Wednesday, 19/10/2016


What exactly is artemisinin?



World Health Organization which is abbreviated as WHO is concerned with worldwide public health and is a specialized agency of the United Nations. WHO and artemisinin resistance has been in the news for a while now but before digging deeper, it is important to have a concrete understanding about artemisinin itself. So, coming to the important questing here, what exactly is artemisinin?
Artemisinin and its derivatives are of medical use which isolated from sweet wormwood. Artemisinin is of primary importance for treating malaria for reducing the number of plasmodium parasites from the patient who is suffering from malaria. The connection of artemisinin resistance WHO recommends first line treatment of malaria by artemisinin based combination therapies which is also known as ACTs. It has reduced global malaria rate especially for its enormous success which were part of ACTs. Its enormous success was the reason why its treatment increased globally to 337 million from 11 million in just about eight to nine years. The role artemisinin play is to reduce the parasite load of the treatment during the first three days while the partner drug works in removing the remaining parasite. The artemisinin compound doesn’t clear out all parasites by three days in patients who are infected with artemisinin resistant strains of malaria. Though they are still cured as a part of a longer treatment, if only they are treated with an ACT containing a partner drug. WHO currently recommends 5 different types of ACTs. As of July 2016 it is confirmed that patients with artemisinin resistant parasites still recover after treatment if only they are treated with partner drug containing ACT. However, there is still a risk that multi-drug might emerge in other parts of sub regions as well. The artemisinin resistance is a consequence of several factors like lack of proper treatment, inadequate patient adherence and substandard drug quality. The geographical scope of this problem has widen quickly. In 2013, researchers identified a molecular marker, mutations in the Kelch 13 (K13) propeller domain were shown to be associated with delayed parasite clearance in vitro and in vivo. The marker could allow for a more detailed mapping and monitoring of the geographical distribution of resistance. It is also possible to enable retrospective mapping for resistance in large number of settings. WHO is working on the same, to map the presence of artemisinin resistance. The global plan to tackle this issue contains a set of technical recommendation on how to prevent and contain existing resistance from emerging anywhere else. WHO is also working with other countries which are affected so that they can ensure a rapid scale of malaria intervention.

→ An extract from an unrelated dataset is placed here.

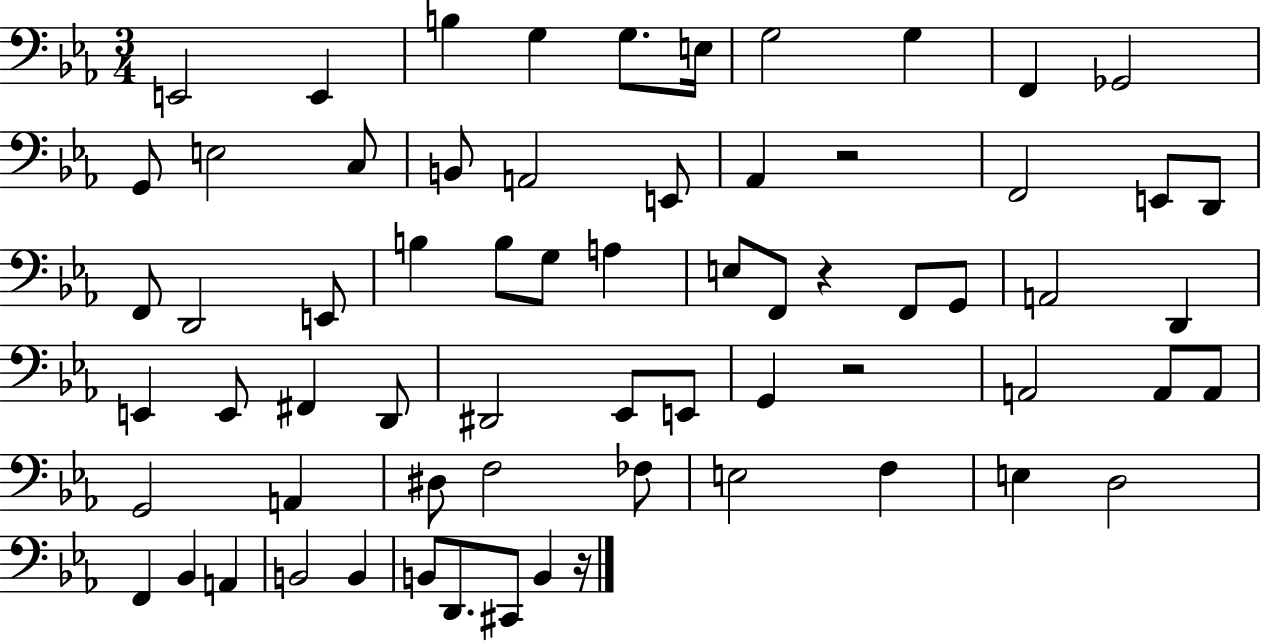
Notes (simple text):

E2/h E2/q B3/q G3/q G3/e. E3/s G3/h G3/q F2/q Gb2/h G2/e E3/h C3/e B2/e A2/h E2/e Ab2/q R/h F2/h E2/e D2/e F2/e D2/h E2/e B3/q B3/e G3/e A3/q E3/e F2/e R/q F2/e G2/e A2/h D2/q E2/q E2/e F#2/q D2/e D#2/h Eb2/e E2/e G2/q R/h A2/h A2/e A2/e G2/h A2/q D#3/e F3/h FES3/e E3/h F3/q E3/q D3/h F2/q Bb2/q A2/q B2/h B2/q B2/e D2/e. C#2/e B2/q R/s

Global technical strategy for malaria, strategy for malaria elimination are some of the strategies made to address this issue.

The need of endemic countries to address the issue



However, making strategies aren’t the only thing, implementing the same are also needed and to implement it, financial resources are needed with political commitments that are long term. Cross border cooperation is also needed to improve the situation. The reason why this issues goes unaddressed because the endemic countries do not take active participation in these kinds of strategies. Hence, the government of endemic countries should take active participation and they need to take targeted measures to remove oral artemisinin based therapies and anti-malarial that do not meet international standard. African and Asian continent should take additional measures as they are the targeted countries in this matter. These continents should engage most of its resources to address the problem. One of the challenges is to strengthen roots of pharmaceutical regulations in countries which are facing these problems. Even WHO recommends the emergence of artemisinin resistance. Coming to the pharmaceuticals regulations, prescribed drugs should be made mandatory. Countries, especially like India where pharmaceutical regulations aren’t taken seriously at all should take notice of the same. Even today, medicines containing harmful drugs are given without any further questions and that too without prescription. The same should be stopped so that it can be one of first step to strengthen pharmaceutical regulations.